Work instruction: With the pictures left out, restate exactly the part below that opens with the line containing "Dayton OH Skyline Canvas Mini Purse" and closes with the line containing "Książeczka Edukacyjna Nauka".

Data to use:
----------

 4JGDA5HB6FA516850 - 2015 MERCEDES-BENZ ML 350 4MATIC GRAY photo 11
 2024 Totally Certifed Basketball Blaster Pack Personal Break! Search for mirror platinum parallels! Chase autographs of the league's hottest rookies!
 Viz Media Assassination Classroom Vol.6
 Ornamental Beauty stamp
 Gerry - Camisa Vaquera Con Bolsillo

----------

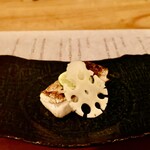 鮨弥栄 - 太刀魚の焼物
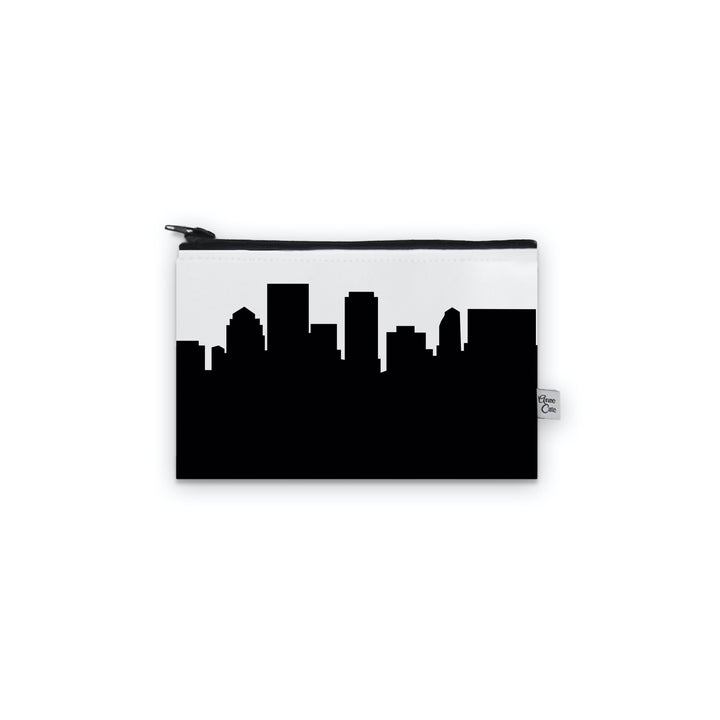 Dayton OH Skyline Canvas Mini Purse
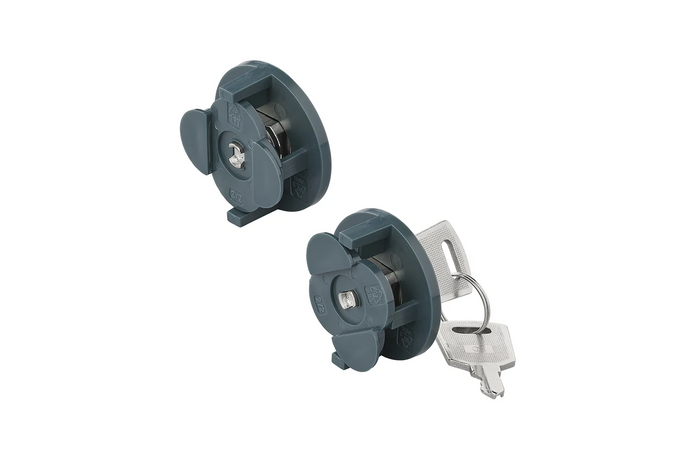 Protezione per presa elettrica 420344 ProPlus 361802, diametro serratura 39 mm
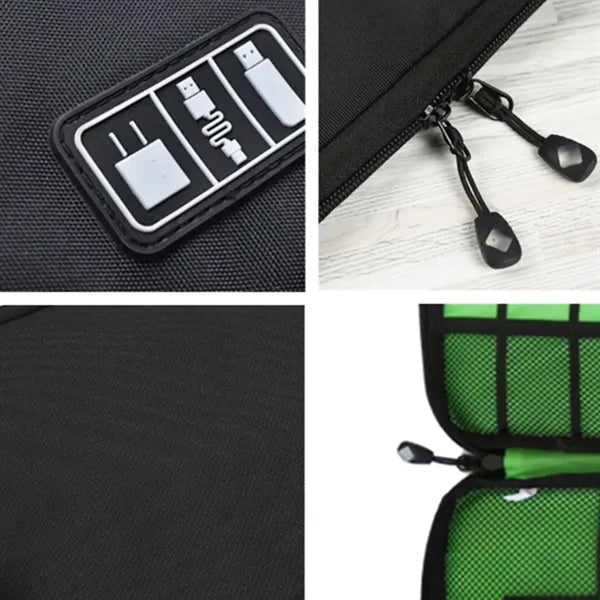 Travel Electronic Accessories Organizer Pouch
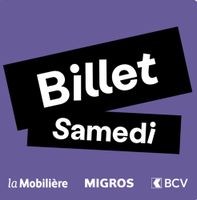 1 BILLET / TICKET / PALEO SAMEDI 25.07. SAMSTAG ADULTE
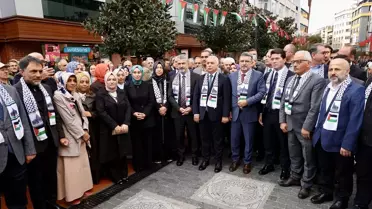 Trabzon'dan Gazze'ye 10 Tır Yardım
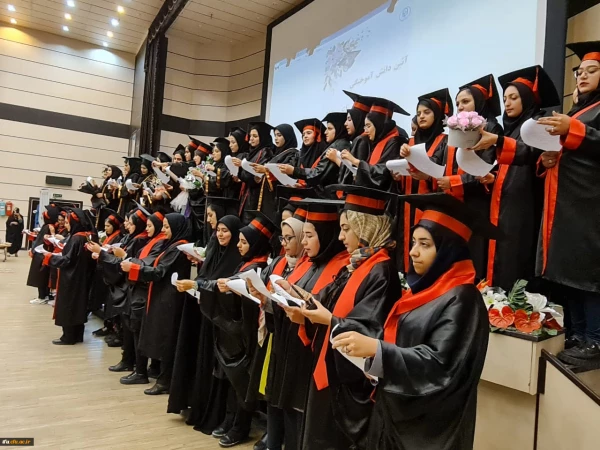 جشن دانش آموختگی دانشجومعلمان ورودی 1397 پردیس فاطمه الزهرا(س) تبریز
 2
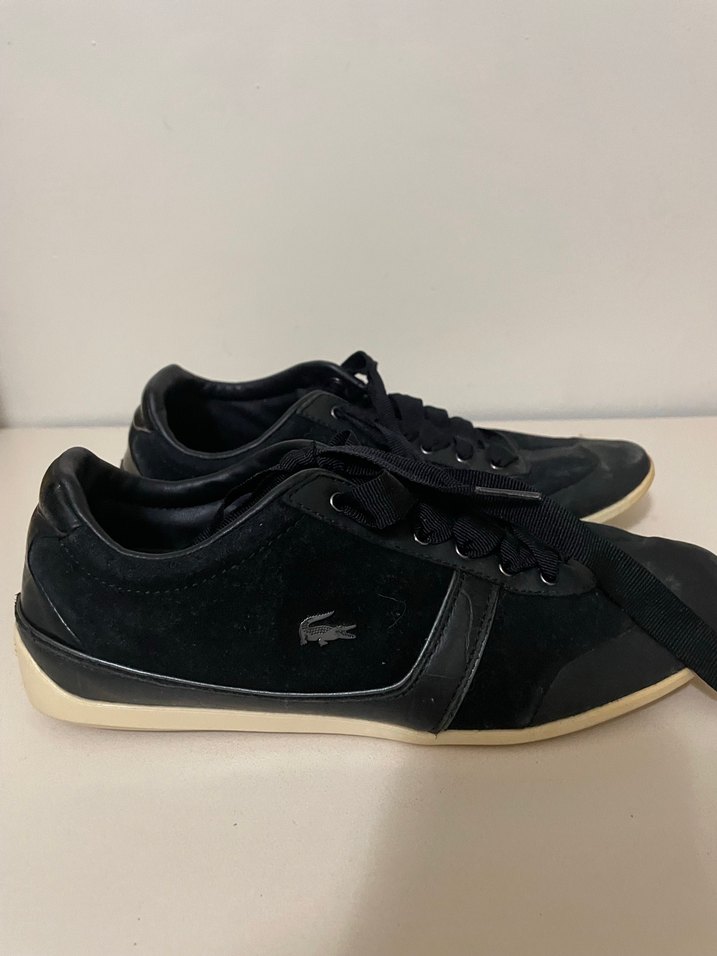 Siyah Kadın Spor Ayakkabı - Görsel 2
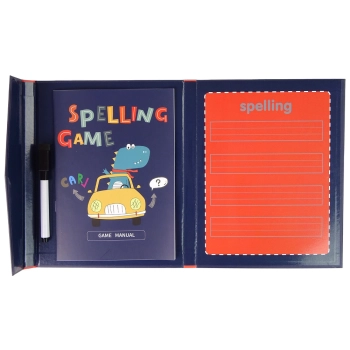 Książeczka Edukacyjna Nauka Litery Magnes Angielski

----------

Response below:
 Dayton OH Skyline Canvas Mini Purse
 Protezione per presa elettrica 420344 ProPlus 361802, diametro serratura 39 mm
 Travel Electronic Accessories Organizer Pouch
 1 BILLET / TICKET / PALEO SAMEDI 25.07. SAMSTAG ADULTE
 Trabzon'dan Gazze'ye 10 Tır Yardım
 جشن دانش آموختگی دانشجومعلمان ورودی 1397 پردیس فاطمه الزهرا(س) تبریز
 2
 Siyah Kadın Spor Ayakkabı - Görsel 2
 Książeczka Edukacyjna Nauka Litery Magnes Angielski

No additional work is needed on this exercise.